The law, in its majestic equality, allows both poor and rich alike to access the courts

(With apologies to Anatole France)

Yesterday in Question Time the Greens' David Clendon took the government to task over legal aid cuts. National has cut legal aid funding by 15% in the last five years and reduced access, leading to a rise in clients who cannot afford lawyers representing themselves (which is both bad for them - the lawyer who represents themself has a fool for a client - and for the court system, as their inexperience leads to delay and disruption). But National doesn't think this is a problem, and certainly not one attributable to its cuts. And it insists that

the courts are open to those who wish to avail themselves of them

In other words, "let them eat cake". Which is I guess the answer we can expect from Ministers on quarter of a million dollar salaries about anything affecting real people.

Meanwhile, in the UK, we can get a glimpse of our future. Over there, the government has also cut legal aid, driven by the same relentless push for austerity and uncaring attitude to access to justice. The result? Yesterday, the lawyers went on strike:
Today is the first day of a wildcat legal strike across the country. Those who find themselves arrested will struggle to get legal aid representation. Within days, the courts system could grind to a halt.

It is happening across England and Wales. The strike will be followed in Merseyside, Greater Manchester, London, Devon, Leeds, Cardiff, Halifax, Derby, Birmingham, Sunderland, north and south Tyneside, Newcastle, Huddersfield, Dewsbury, Bradford, Hull, Kent and Reading. It's impact will be felt everywhere.

It is not technically a strike. Lawyers can't strike. Instead, meetings across the country saw solicitors and barristers gather together and come to individual decisions about whether they would back the action.

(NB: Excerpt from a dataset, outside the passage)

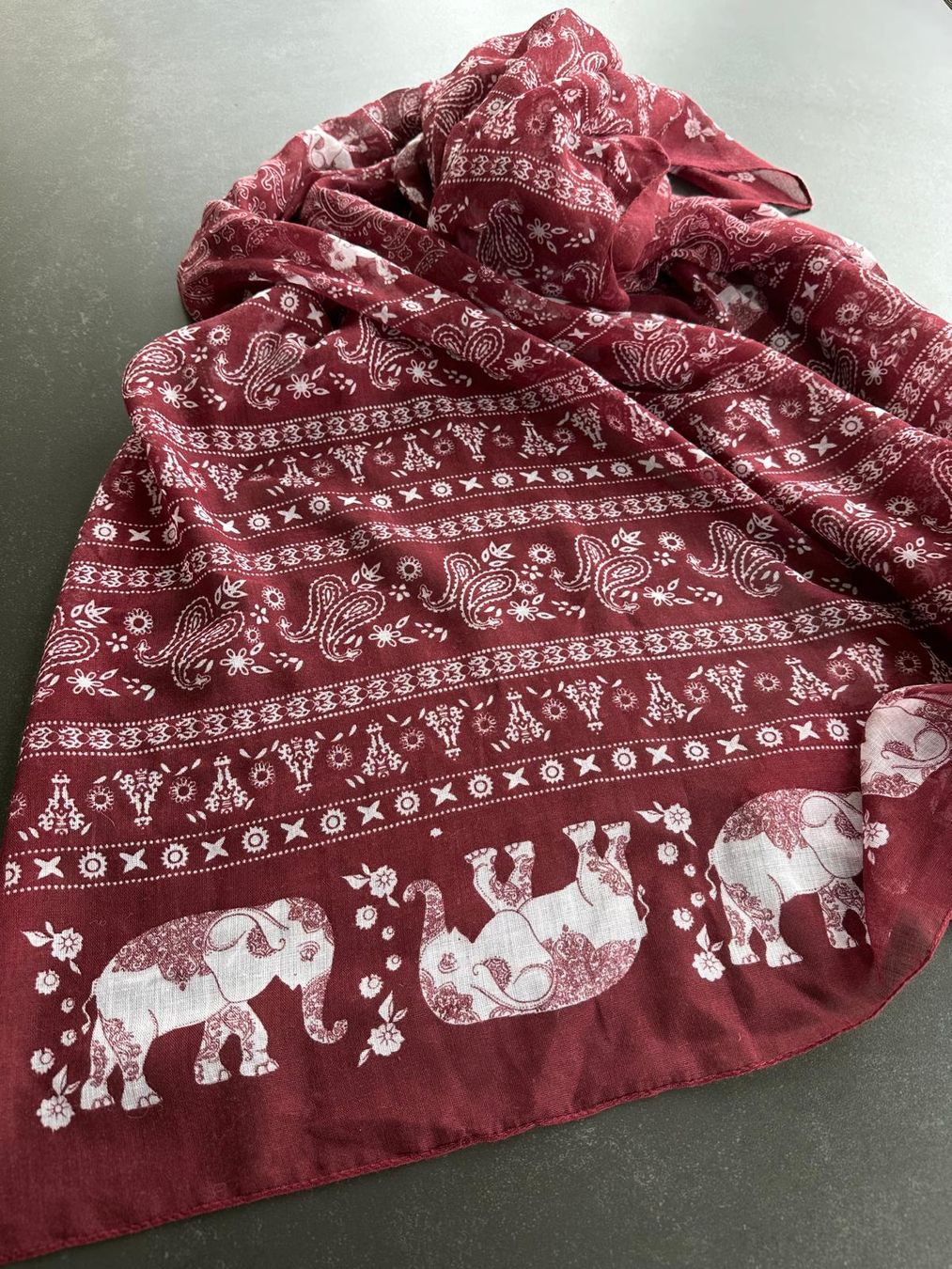 Foulard & Sciarpe: Schal mit Elefantenmuster – Usato da Olten venduto da MattRed 1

It is a convoluted process with a complex way of refusing labour.

Basicly, they're refusing to accept legal aid cases anymore. Which means that people arrested will all have to queue for the services of already overworked duty solicitors, and will (if sensible) exercise their right to refuse to be interviewed without a lawyer present, meaning that they can't be interviewed at all. The courts will face similar blockages. If the strike holds, the entire system will fall over, because it essentially operates by goodwill.

That's only one part of the problem, but if New Zealand lawyers want to be properly paid for legal aid services, maybe they should try the same thing here?